Center for Health Decision Science (A.P., D.I.S.), Harvard T.H.
Department of Health Policy and Management (A.P., M.B.R.), Harvard T.H.
Circ Cardiovasc Qual Outcomes. 2020 Jul;13(7):e006492. doi: 10.1161/CIRCOUTCOMES.120.006492. Epub 2020 Jul 3.
Healthcare payers in the United States are increasingly tying provider payments to quality and value using pay-for-performance policies. Cost-effectiveness analysis quantifies value in healthcare but is not currently used to design or prioritize pay-for-performance strategies or metrics. Acute ischemic stroke care provides a useful application to demonstrate how simulation modeling can be used to determine cost-effective levels of financial incentives used in pay-for-performance policies and associated challenges with this approach.
Our framework requires a simulation model that can estimate quality-adjusted life years and costs resulting from improvements in a quality metric. A monetary level of incentives can then be back-calculated using the lifetime discounted quality-adjusted life year (which includes effectiveness of quality improvement) and cost (which includes incentive payments and cost offsets from quality improvements) outputs from the model. We applied this framework to an acute ischemic stroke microsimulation model to calculate the difference in population-level net monetary benefit (willingness-to-pay of $50 000 to $150 000/quality-adjusted life year) accrued under current Medicare policy (stroke payment not adjusted for performance) compared with various hypothetical pay-for-performance policies. Performance measurement was based on time-to-thrombolytic treatment with tPA (tissue-type plasminogen activator). Compared with current payment, equivalent population-level net monetary benefit was achieved in pay-for-performance policies with 10-minute door-to-needle time reductions (5057 more acute ischemic stroke cases/y in the 0-3-hour window) incentivized by increasing tPA payment by as much as 18% to 44% depending on willingness-to-pay for health.

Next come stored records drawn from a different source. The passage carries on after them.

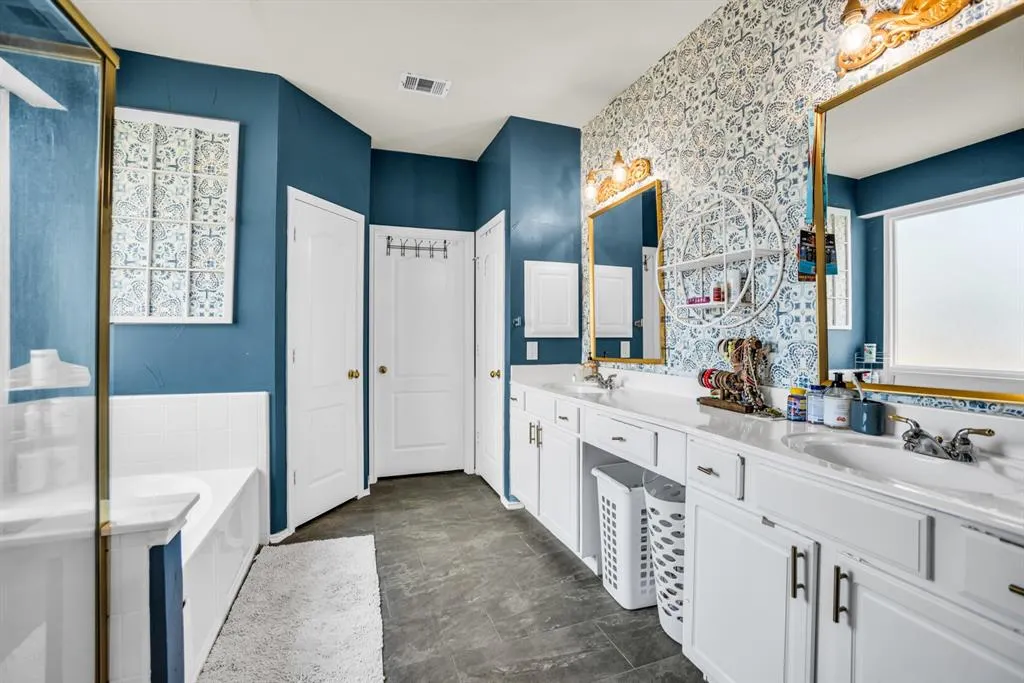 1436 Christine Drive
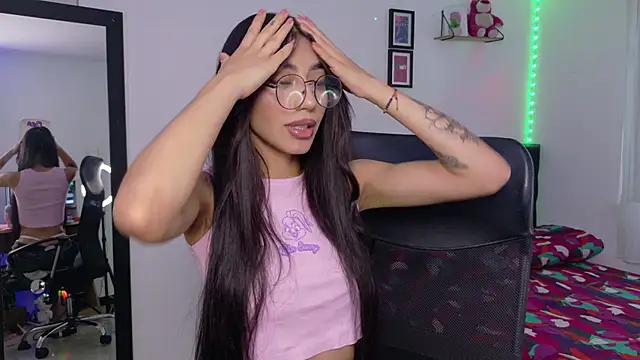 Snapshot of JulietaCheerr chatting on 02.04.26 JulietaCheerr online show from 02.04.26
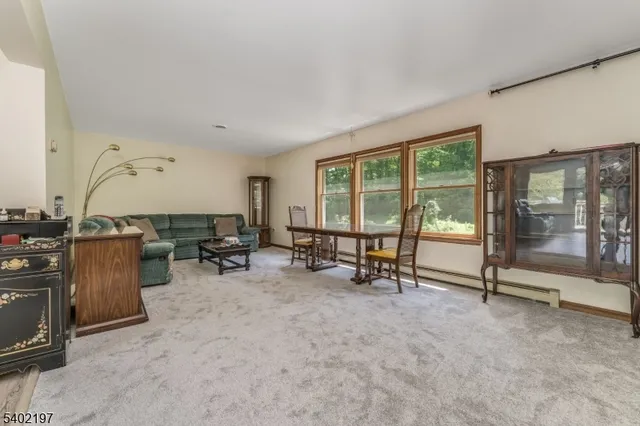 $879,000 | 22 South Polktown Road, Hampton, NJ 08827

Cost-effectiveness modeling can be used to determine the upper bound of financial incentives used in pay-for-performance policies, although currently, this approach is limited due to data requirements and modeling assumptions. For tPA payments in acute ischemic stroke, our model-based results suggest financial incentives leading to a 10-minute decrease in door-to-needle time should be implemented but not exceed 18% to 44% of current tPA payment. In general, the optimal level of financial incentives will depend on willingness-to-pay for health and other modeling assumptions around parameter uncertainty and the relationship between quality improvements and long-run quality-adjusted life expectancy and costs.
美国的医疗保健支付方越来越多地通过绩效付费政策将支付与质量和价值联系起来。成本效益分析量化了医疗保健中的价值,但目前尚未用于设计或优先考虑绩效付费策略或指标。急性缺血性脑卒中护理提供了一个有用的应用,以展示如何使用仿真模型来确定绩效付费政策中使用的财务激励的成本效益水平以及这种方法所面临的挑战。
我们的框架需要一个能够估计质量调整生命年和因质量指标改善而导致的成本的仿真模型。然后,可以使用模型的终生折扣质量调整生命年(包括质量改善的效果)和成本(包括激励支付和质量改善的成本抵消)输出,回推激励的货币水平。我们将此框架应用于急性缺血性脑卒中微模拟模型,以计算当前医疗保险政策(未根据绩效调整的中风支付)下与各种假设绩效付费政策相比,人群水平净货币收益(支付意愿为 50000 美元至 150000 美元/质量调整生命年)的差异。绩效衡量基于接受 tPA(组织型纤溶酶原激活剂)溶栓治疗的时间。与当前支付相比,在激励 tPA 支付增加 18%至 44%的情况下,10 分钟内门到针时间减少(0-3 小时窗口内急性缺血性脑卒中病例增加 5057 例)的绩效付费政策中,实现了等效的人群水平净货币收益,这取决于对健康的支付意愿。
成本效益模型可用于确定绩效付费政策中使用的财务激励的上限,尽管目前由于数据要求和建模假设,这种方法受到限制。对于急性缺血性脑卒中的 tPA 支付,我们的基于模型的结果表明,应该实施导致门到针时间减少 10 分钟的财务激励,但不应超过当前 tPA 支付的 18%至 44%。一般来说,最佳财务激励水平将取决于对健康的支付意愿以及参数不确定性和质量改进与长期质量调整生命预期和成本之间关系的其他建模假设。